La culpa la tuvo aquel punto y seguido. Alguien debió dejarlo ahí, sobre el atril, no se sabe si olvidado o adrede. El caso es que conforme fueron avanzando las palabras del discurso inaugural, las frases iban tropezando con él. Al principio nadie se dio cuenta, ni tan siquiera la propia oradora, pero con el tiempo, la disertación empezó a entrecortarse unas veces, y a atropellarse otras, de manera que algunas palabras terminaron por hacer grupos incomprensibles a la razón, oscuros a la vista, confusos al oído.
En pocos minutos aquel discurso tan bien articulado pasó a convertirse en un barullo de palabras que chocaban entre si y de las que, de vez en cuando, sobresalía una de entre las demás escoltada por signos de admiración; o de manera esporádica, algún signo de interrogación solitario que generaba alguna duda, pero que enseguida volvía a perderse sin respuesta entre aquel amasijo de vocablos que iban aumentando la presión acústica de la sala porque, como por todos es sabido, la intensidad de la energía acústica está relacionada de manera directa con el número y el peso de las palabras; y de manera inversa proporcional al volumen —espacial, claro está— donde se encierran.
Las primeras filas de la platea, de manera intuitiva, comenzaron a desalojar la sala sin orden ni concierto cuando vieron como el escenario se desbordaba con todas aquellas palabras que, al no conseguir superar el “dichoso” punto y seguido; salpicaban al respetable. Los vestidos de color blanco o pastel fueron los primeros en sufrir las consecuencias de aquellas salpicaduras porque quedaron como letras impresas sobre las telas; los de color negro, al igual que los fracs, no es que se salvaran pero sí es cierto que quedaron camufladas porque el discurso estaba escrito con tinta negra… quién sabe cuáles hubieran sido las consecuencias de haberlo escrito con tinta roja.

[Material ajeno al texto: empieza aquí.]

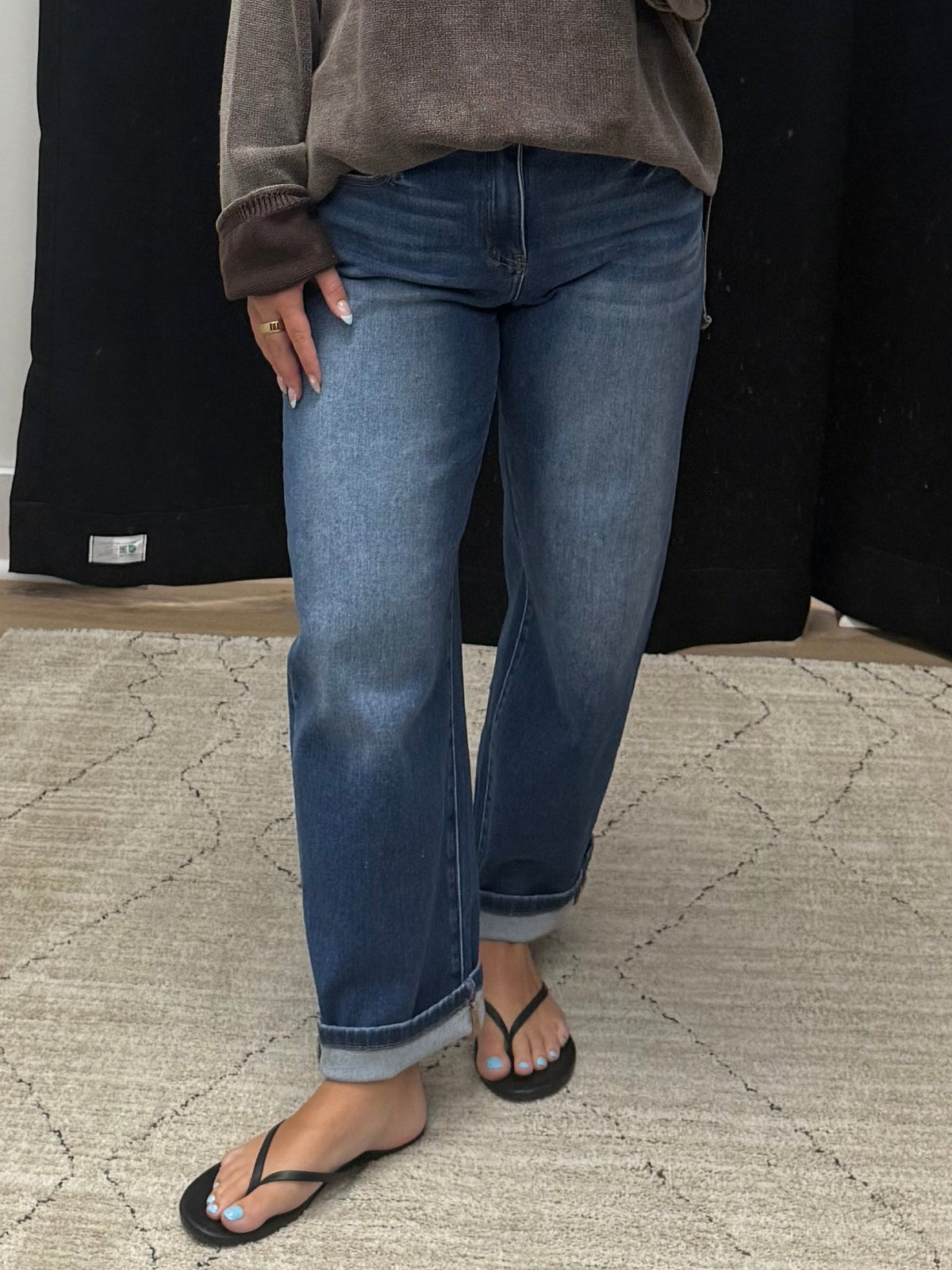 THE NADINE MEDIUM WASH BARREL DENIM
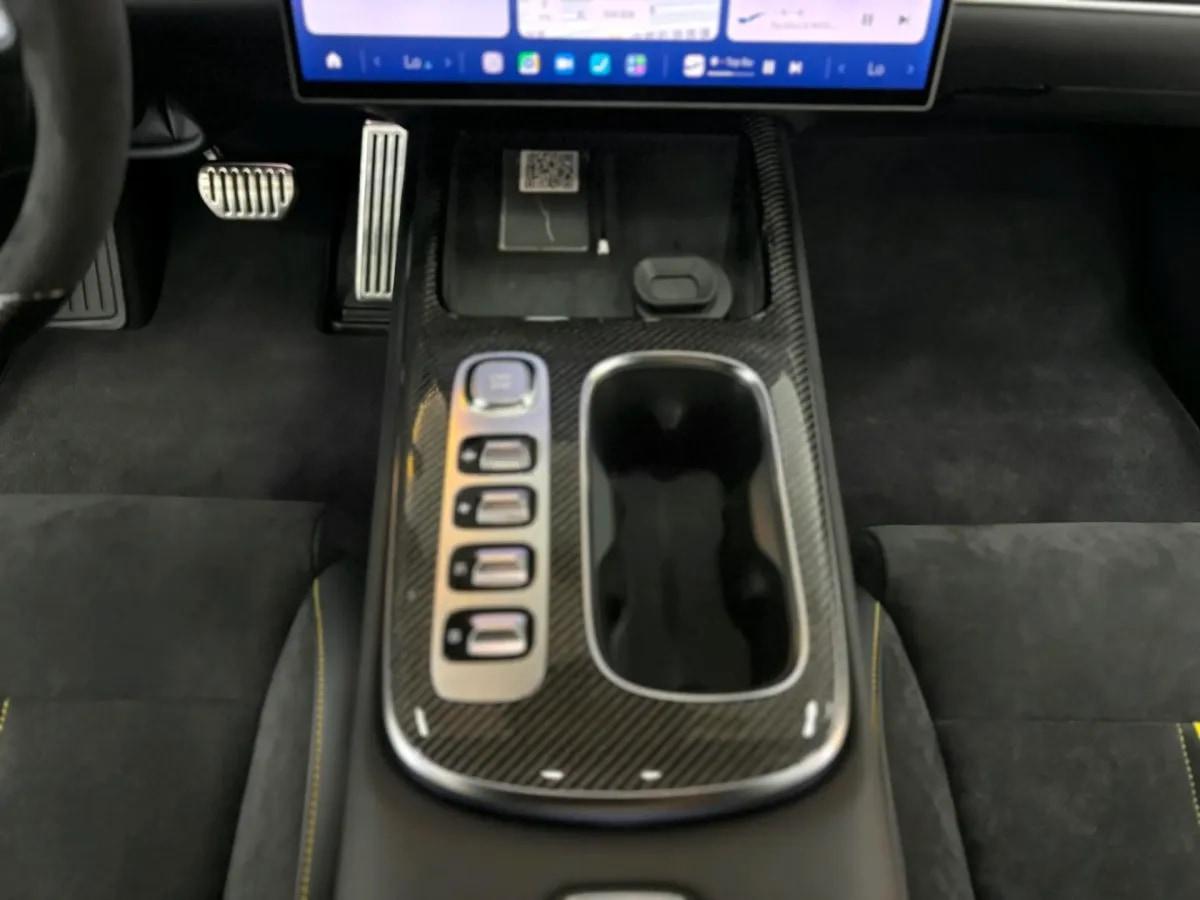 2025 Xiaomi SU7 Ultra BEV 93.7KWH image 12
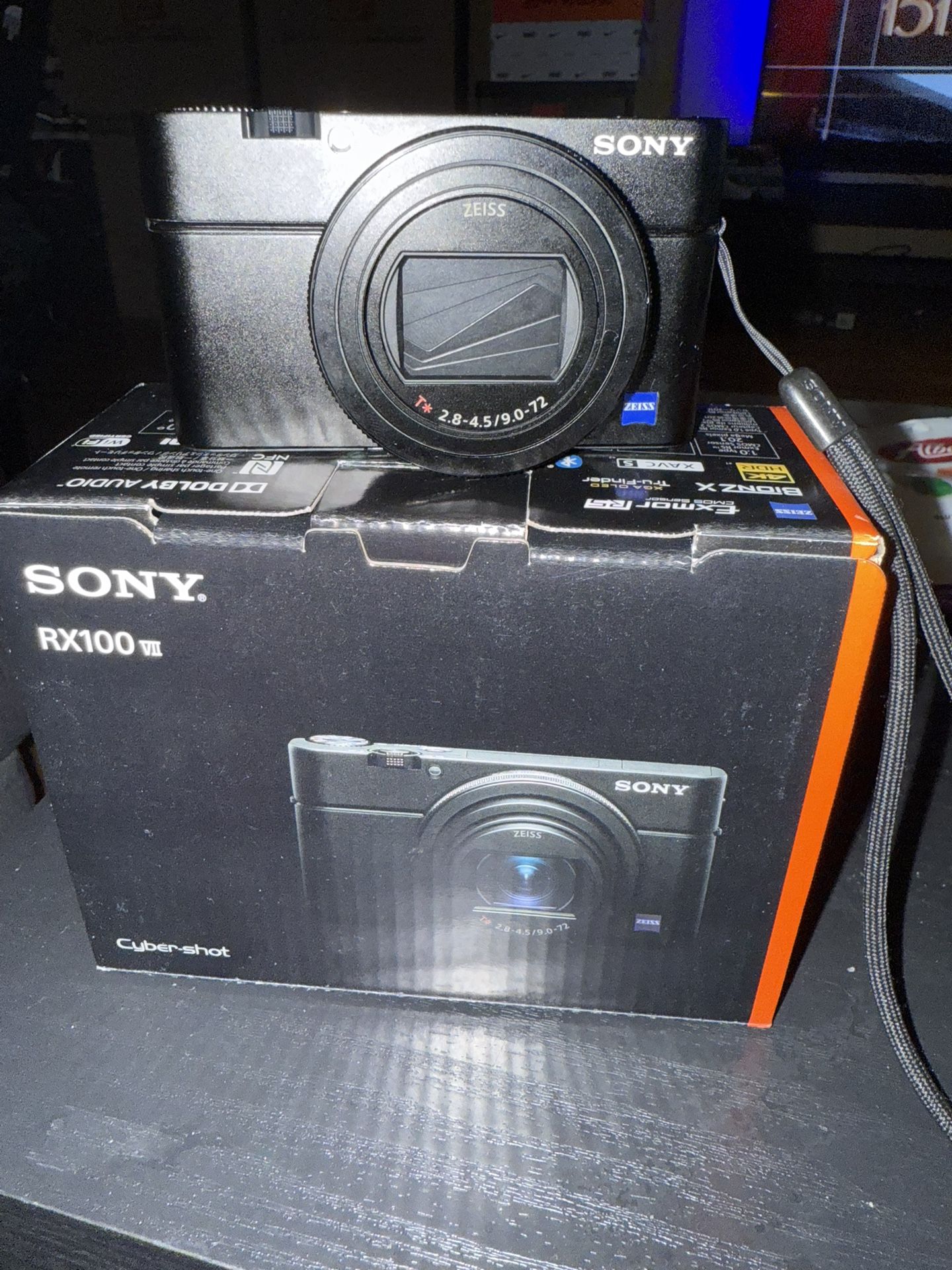 Sony RX100 VII M7 Camera + 3 EXTRA BATTERIES & Leather case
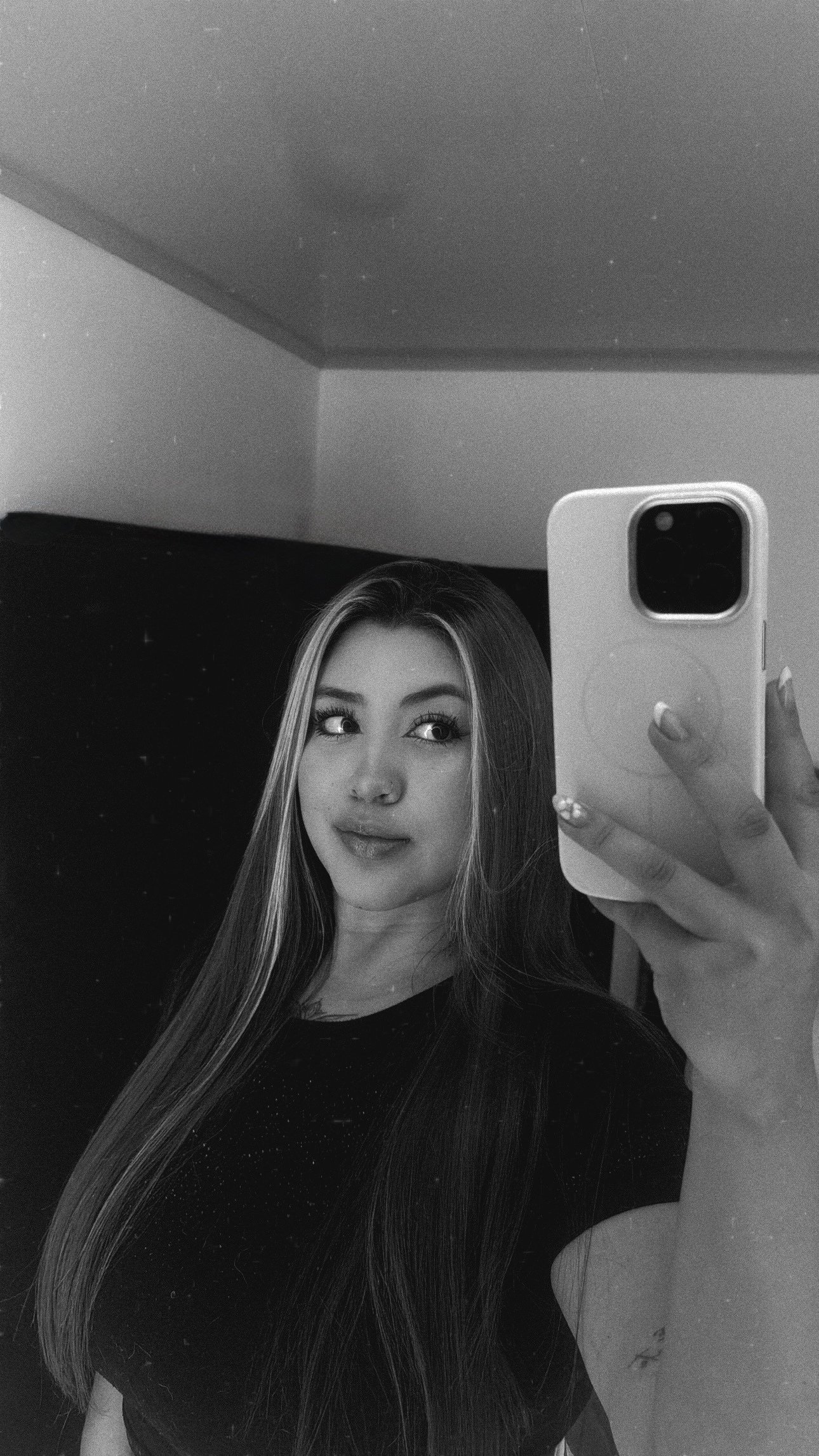 ValenTaylor photo 110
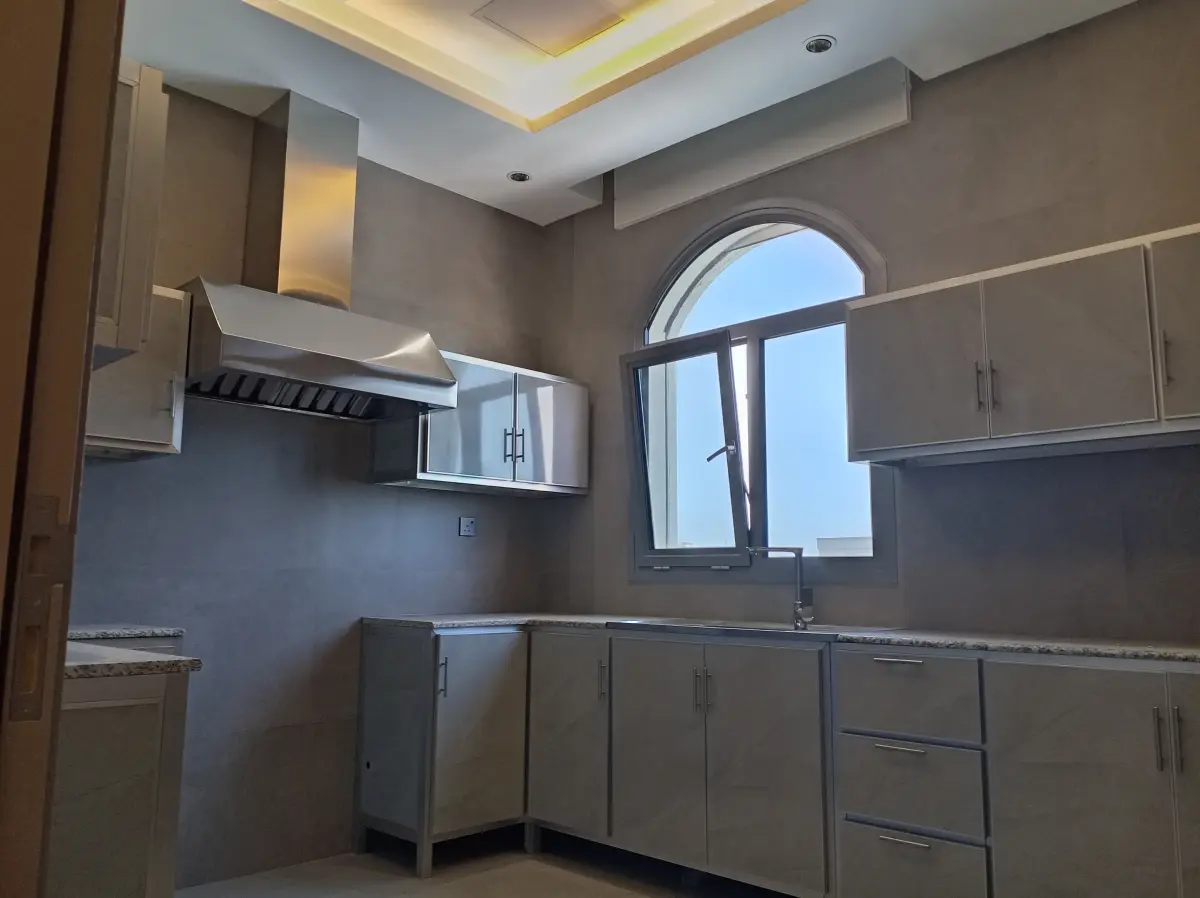 Rent Apartment in Omariya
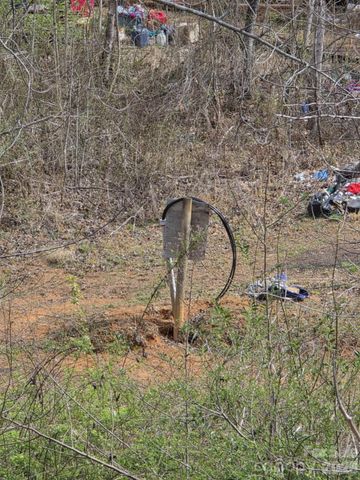 41 Jack Rabbit Drive, Marion, NC 28752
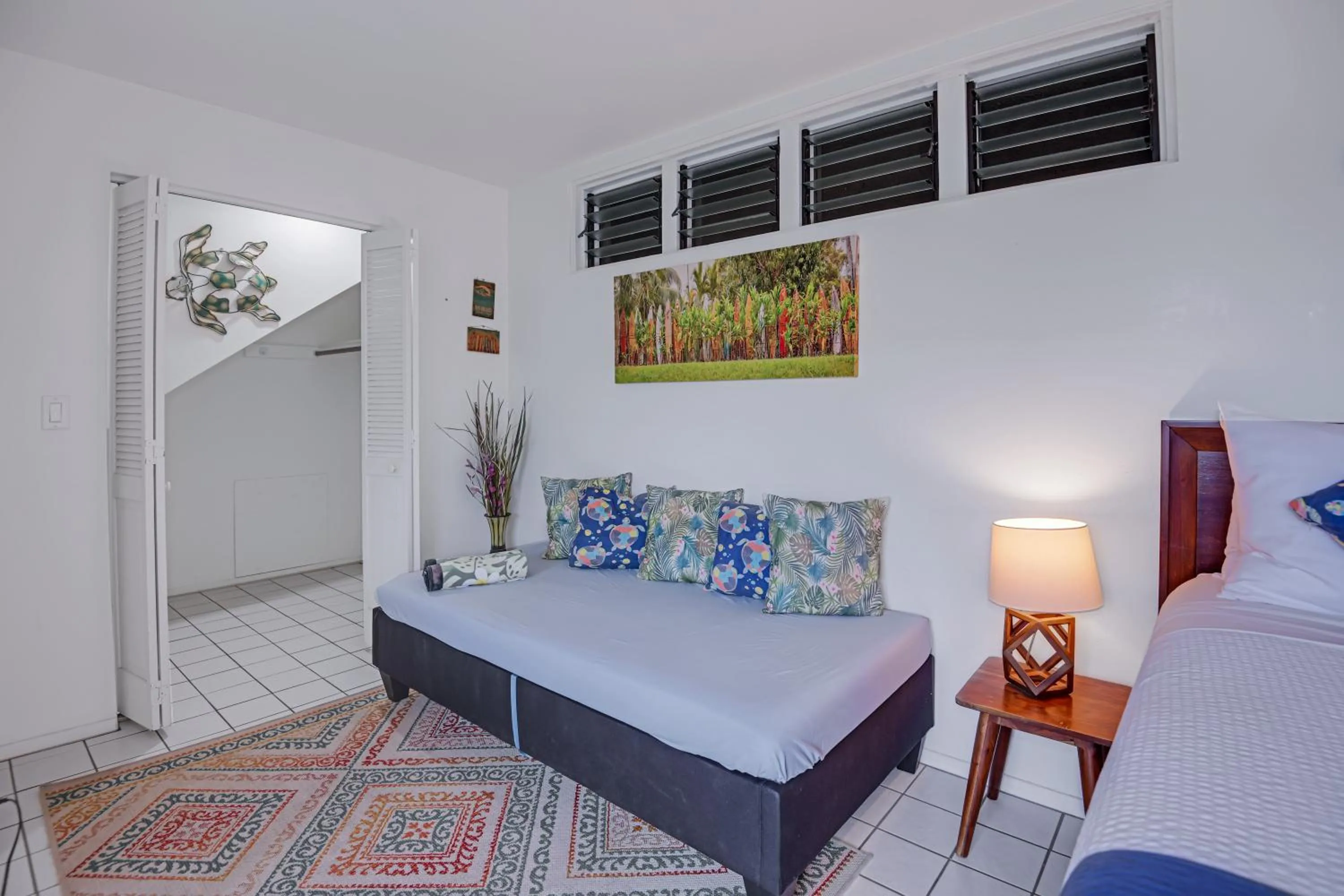 flat iron, Bed in Big Island Retreat - No Resort Fees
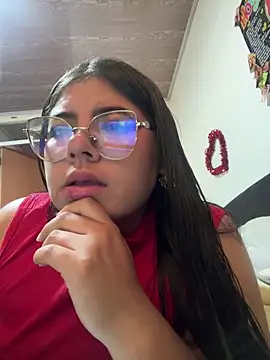 Snapshot of viccky_vick chatting on March 17, 2025, 1:50 pm viccky vick online show from March 17, 2025, 1:50 pm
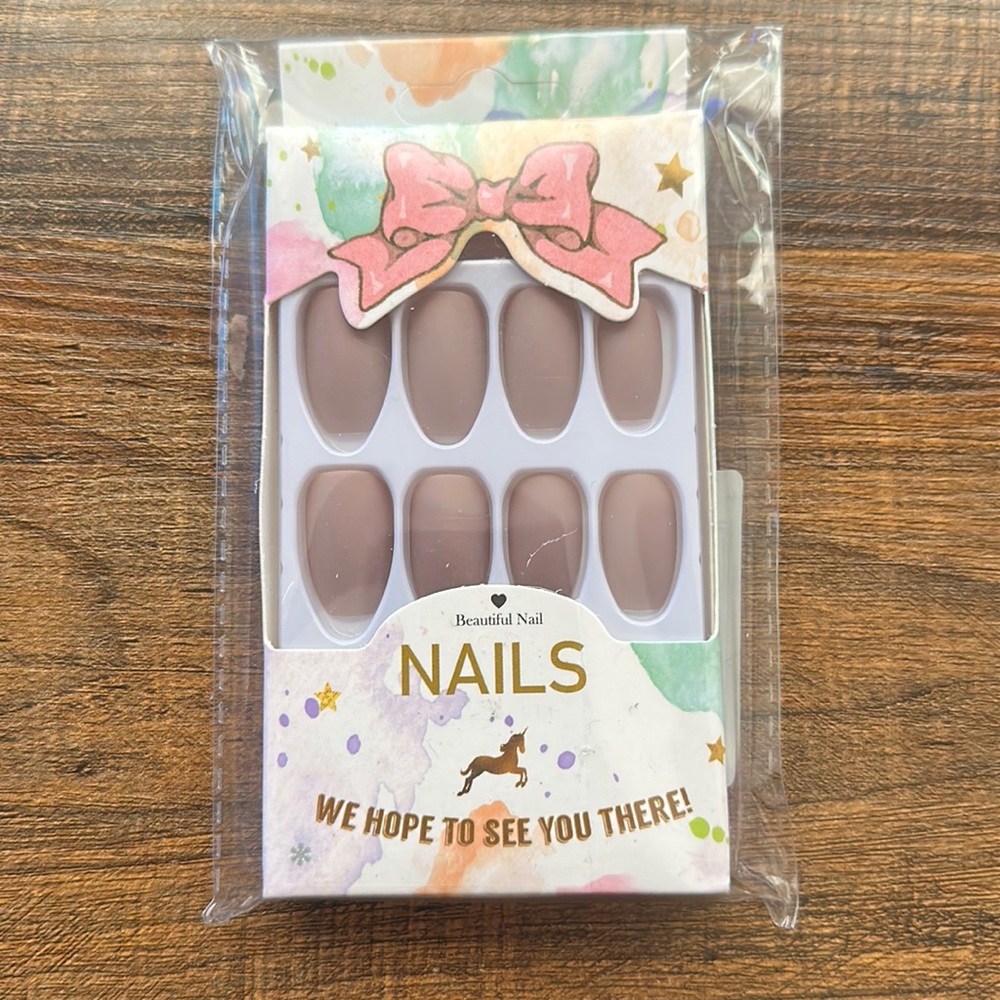 Nude glue on nails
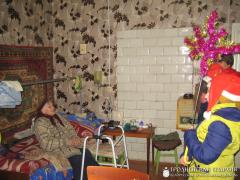 Учащиеся Озерской школы-интерната поздравили с Рождеством ветерана Великой Отечественной войны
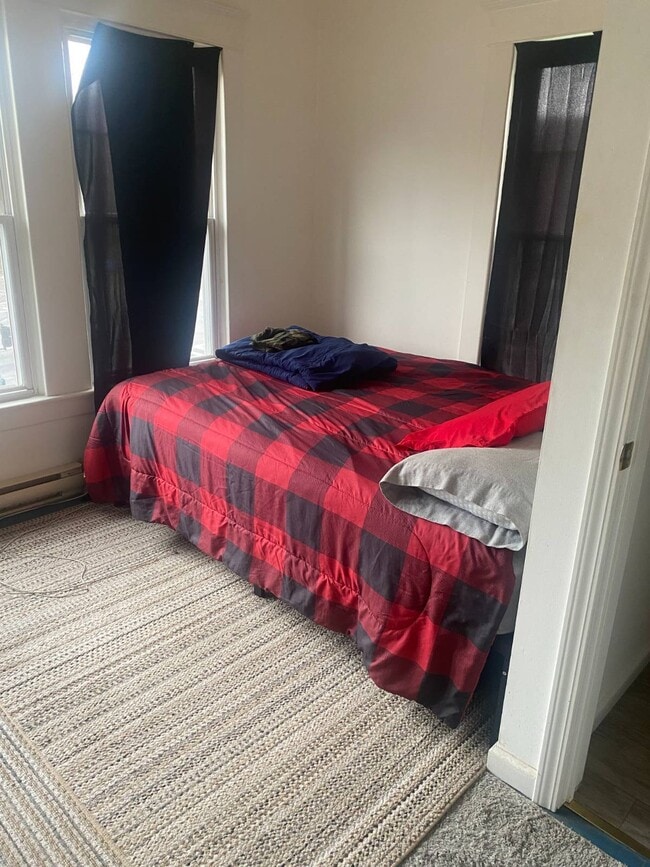 Building Photo - 18 Harper St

La teniente Eudoxia Praxiduelos —fuera de servicio aunque no por ello desarmada—, que presenciaba el acto desde la séptima fila tomó la decisión de imponer cierto orden castrense a pesar de no tener conocimiento alguno de letras —las malas lenguas dicen que tampoco de números—, quedando de inmediato enmudecida su propia voz por una rebelión solidaria de sus palabras autoritarias que, lejos de cumplir sus órdenes, se aliaron con el resto de palabras de la sala para fijarse sobre la tela de su vestido azul turquesa. Impotente por no hacerse oír, imponente por profesión; sacó del bolso su arma reglamentaria y disparó varias veces al aire como manda el reglamento con tan mala fortuna que alcanzó de lleno a la rectora magnífica de la U.P.V. Por desgracia, tras once días agónicos, el discurso quedó huérfano decidiendo retirarse de la oratoria y exiliarse en el último de los cajones de la mesa del despacho de su querida y amada rectora magnífica.